- EXTRACTED INFORMATION -
▬▬▬

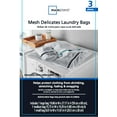 Mainstays Sanitized Treated 3 Piece Mesh Wash Bag Set, 12" x 8", 20" x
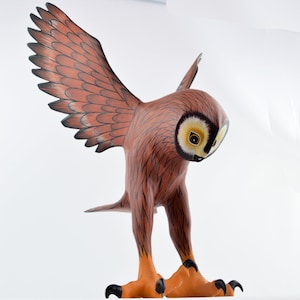 Alebrije Eule Oaxaca Holzschnitzerei Handbemaltes Mexikanisches Handwerk Wohnkultur | Magia Mexica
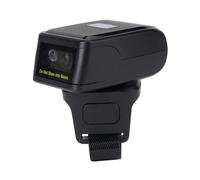 lyrlody 2D Barcode Scanner, Portable Finger Ring Design, High-Precision Wireless Bar Code Reader for Inventory Management and Retail Applications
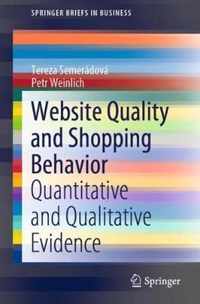 Website Quality and Shopping Behavior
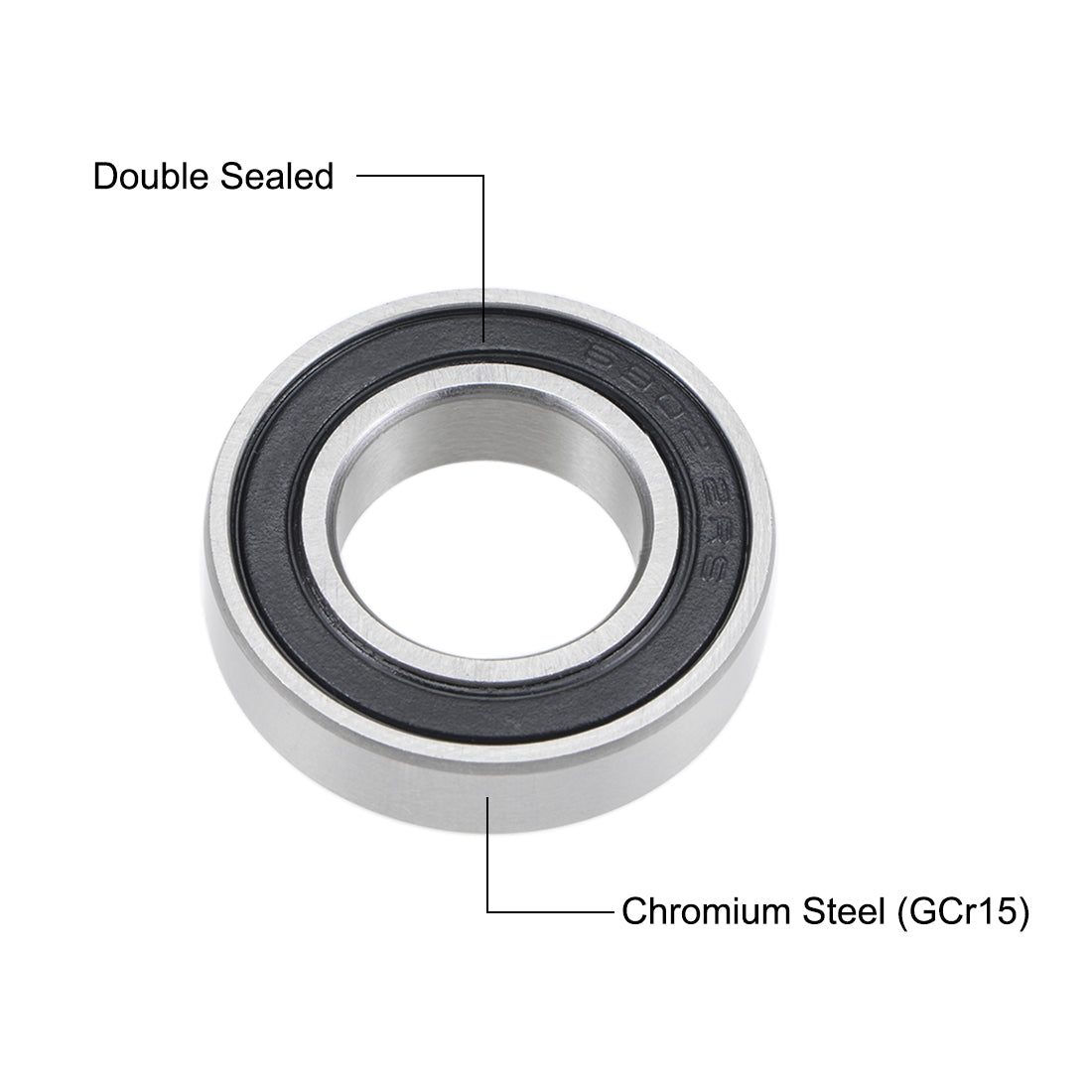 uxcell Uxcell Deep Groove Ball Bearings Thin Section Double Sealed Chrome Steel ABEC3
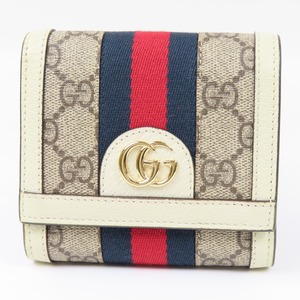 95180★1円スタート★GUCCI グッチ 極美品 オフィディア GGマーモント GG柄 二つ折り財布 GGスプリームキャンバス レザー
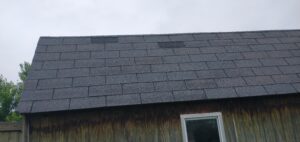 Missing roof shingles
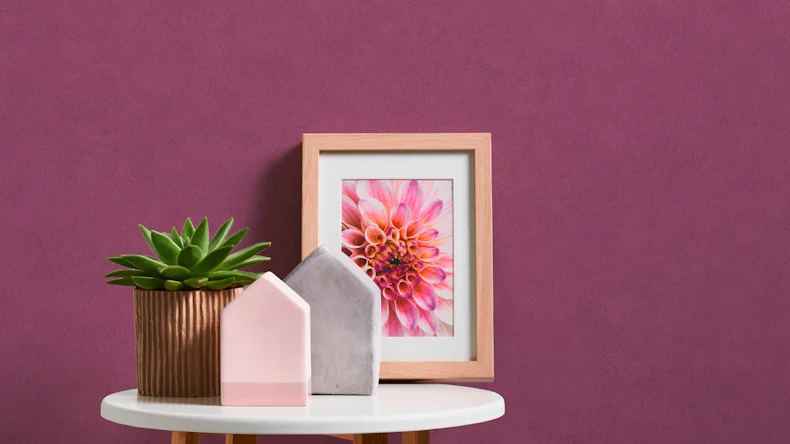 Vinyltapete lila Modern Klassisch Uni Neue Bude 2.0 065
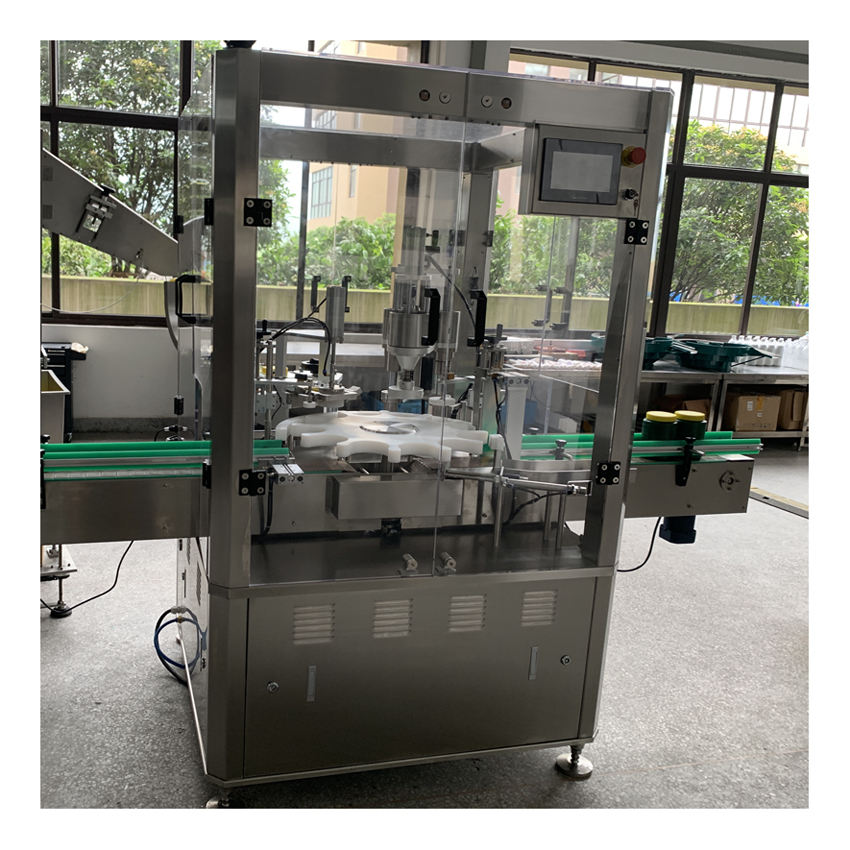 Automatic Rotary Capping Machine Torque Control Single Head Lube Oil ...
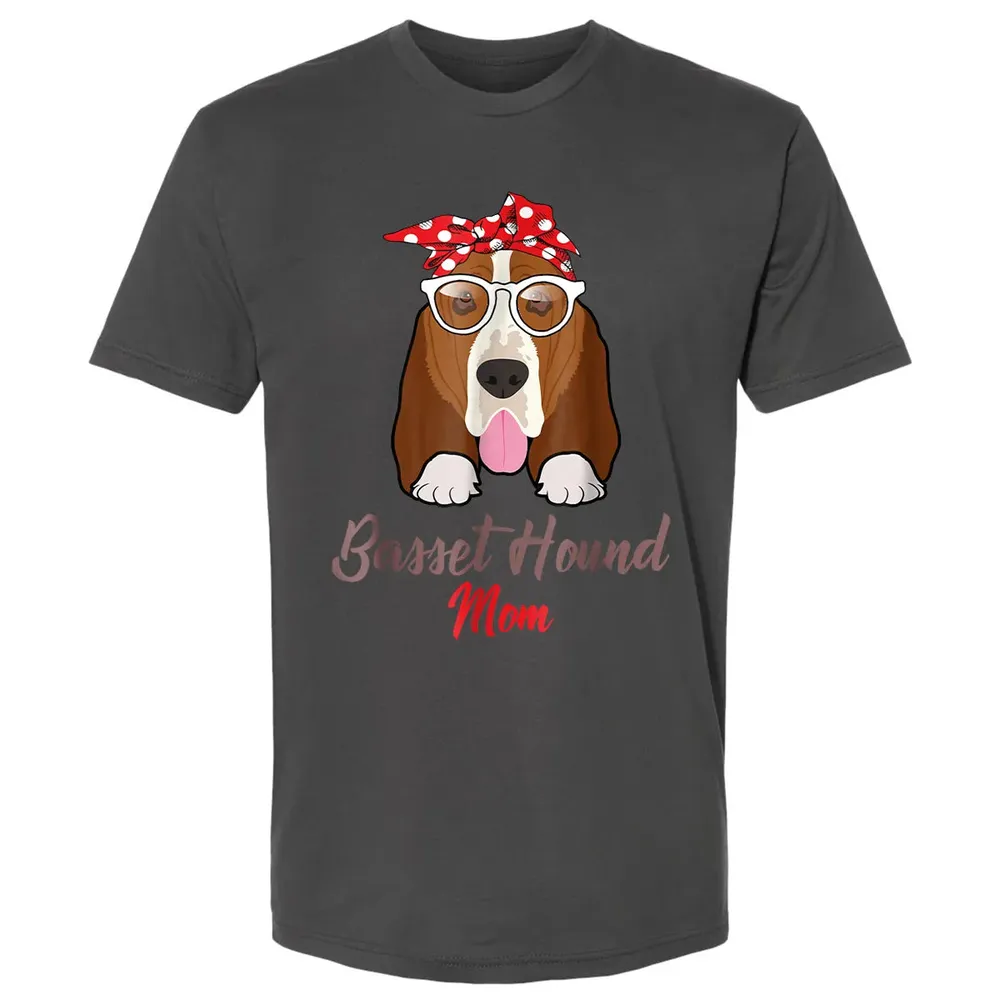 Basset Hound Mom Premium Unisex T-shirt - 8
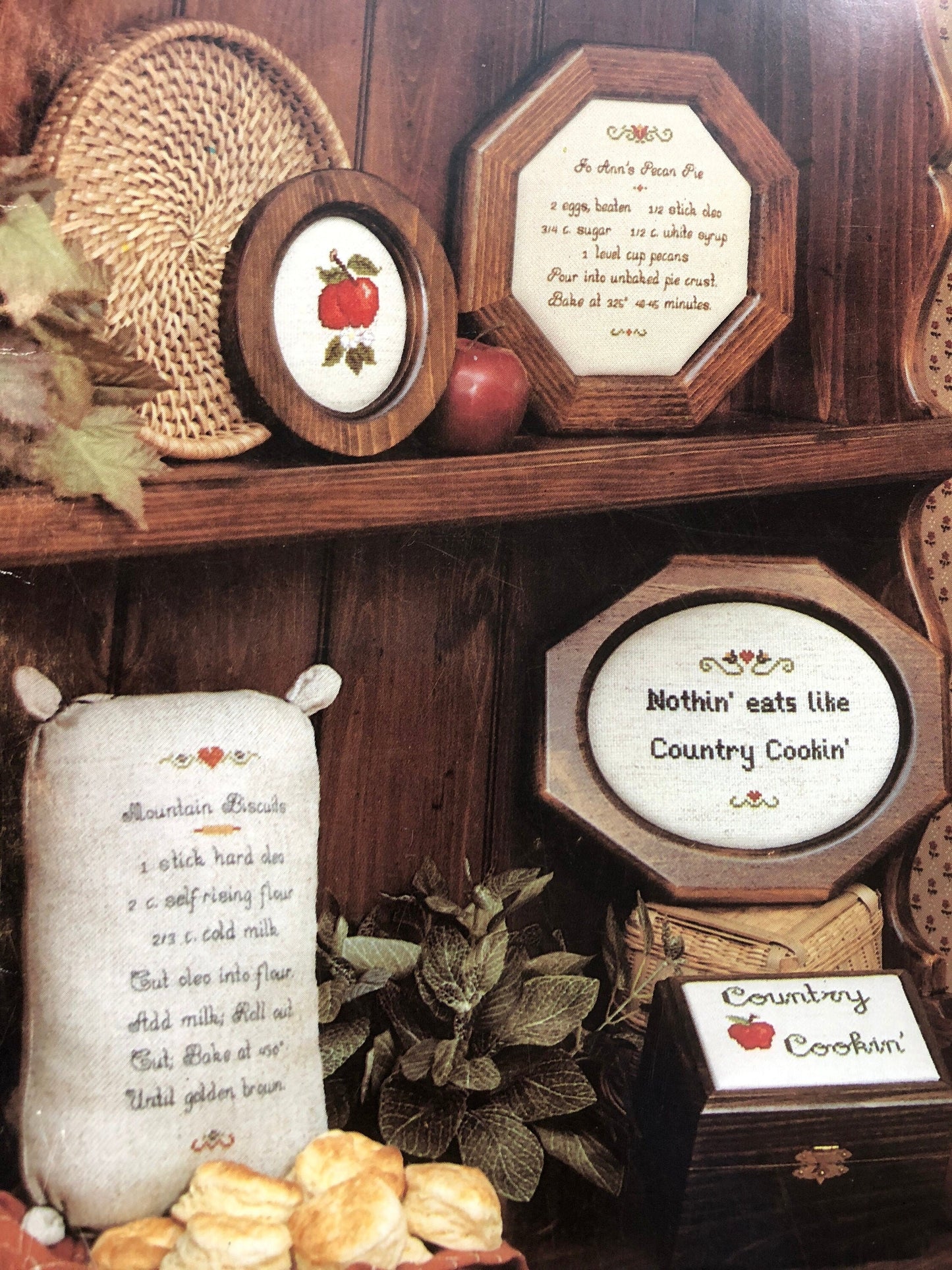 Forever Friends, More Country Cookin&#39; Vintage 1982, Counted Cross Stitch Patterns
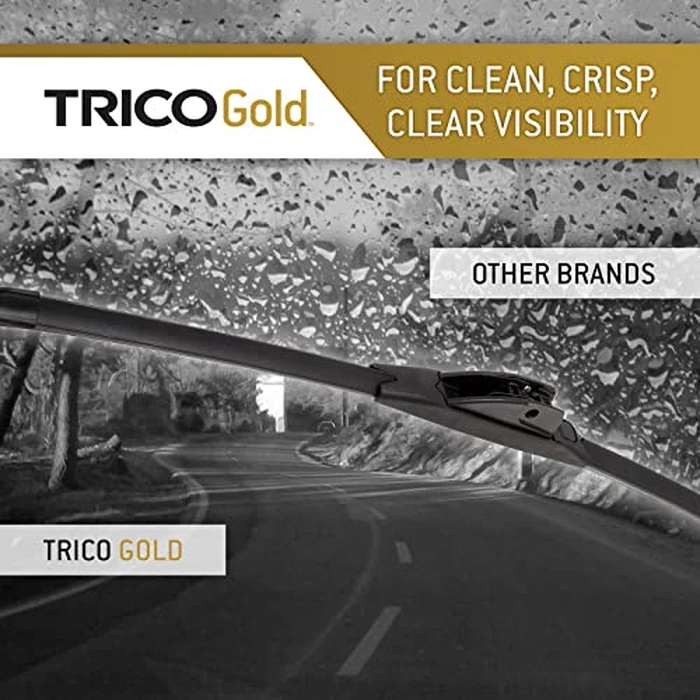 TRICO Gold 22" + 22" Premium Automotive Replacement Windshield Wiper Blades (Set of 2), Passenger and Driver Side All-Weather Beam Wiper Blades for Select Vehicle Models by Trico - Image 3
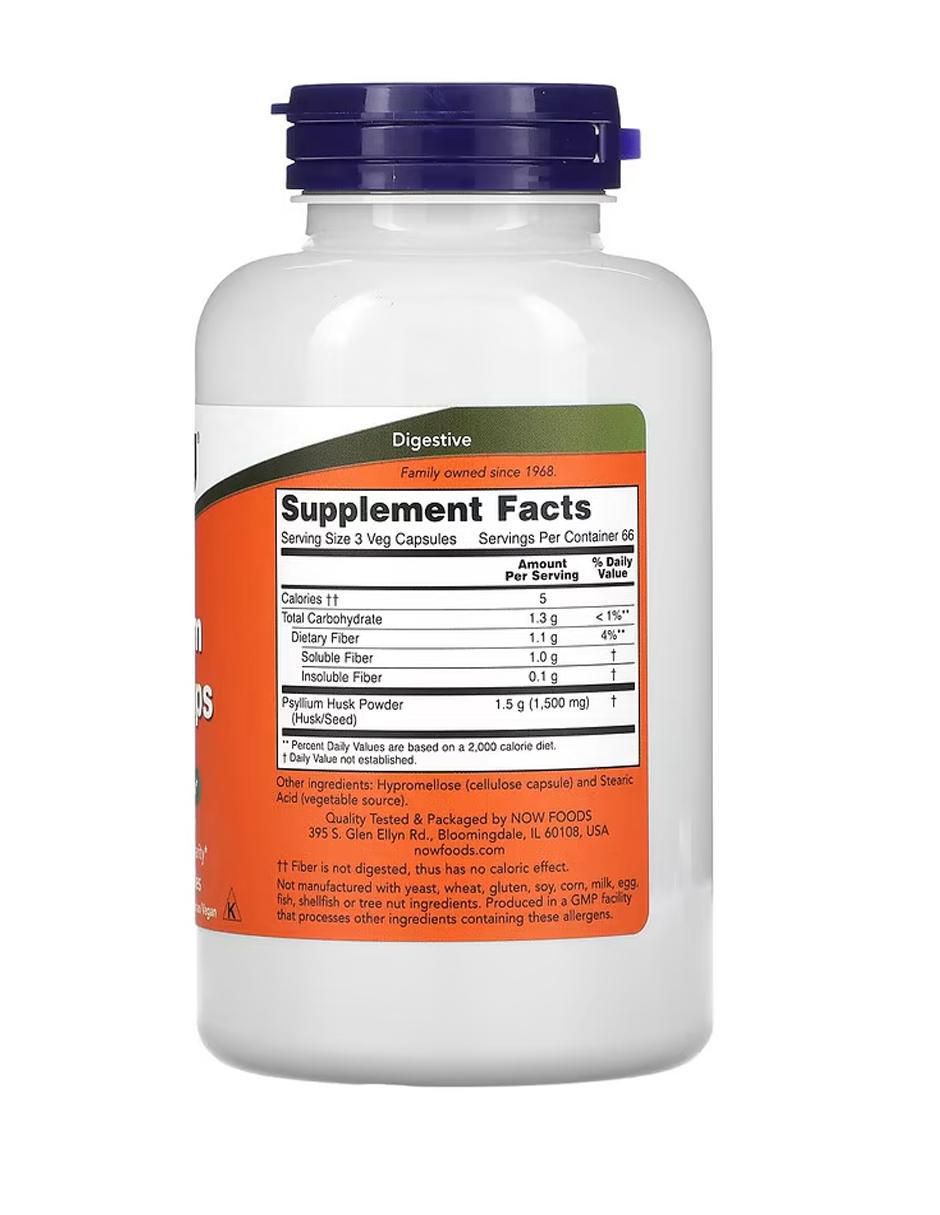 Cápsulas de Psilio con psyllium (plantago ovata) de 200 cápsulas 2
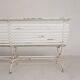 Garden bench, slatted bench, folding, 2 metres long, 1930s.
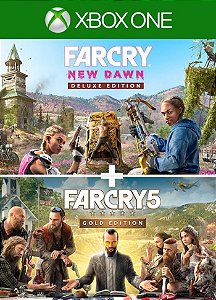 Far Cry 5 Gold Edition + Far Cry New Dawn Deluxe Edition Bundle XBOX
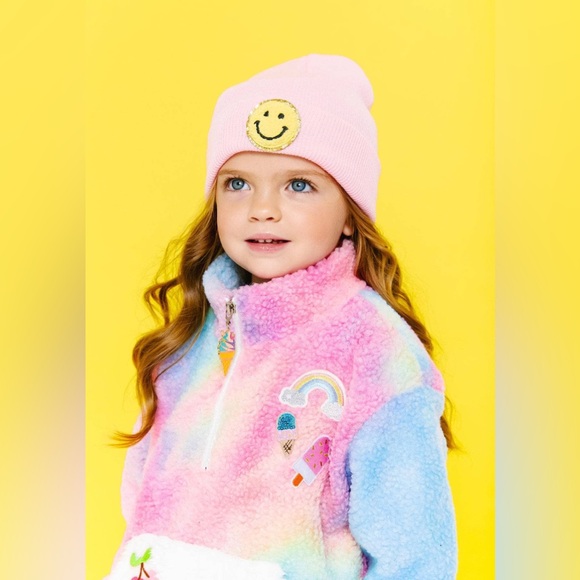 Stunning Lola & The Boys FUZZY PASTEL TIE DYE PATCH SET😍 - Picture 3 of 5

▬▬▬

Once you find the line that contains "Trico - Image 3", give it again along with every later line through the end of the data, word for word, minus the pictures.

- YOUR SOLUTION -
 TRICO Gold 22" + 22" Premium Automotive Replacement Windshield Wiper Blades (Set of 2), Passenger and Driver Side All-Weather Beam Wiper Blades for Select Vehicle Models by Trico - Image 3
 Cápsulas de Psilio con psyllium (plantago ovata) de 200 cápsulas 2
 Garden bench, slatted bench, folding, 2 metres long, 1930s.
 Far Cry 5 Gold Edition + Far Cry New Dawn Deluxe Edition Bundle XBOX
 Stunning Lola & The Boys FUZZY PASTEL TIE DYE PATCH SET😍 - Picture 3 of 5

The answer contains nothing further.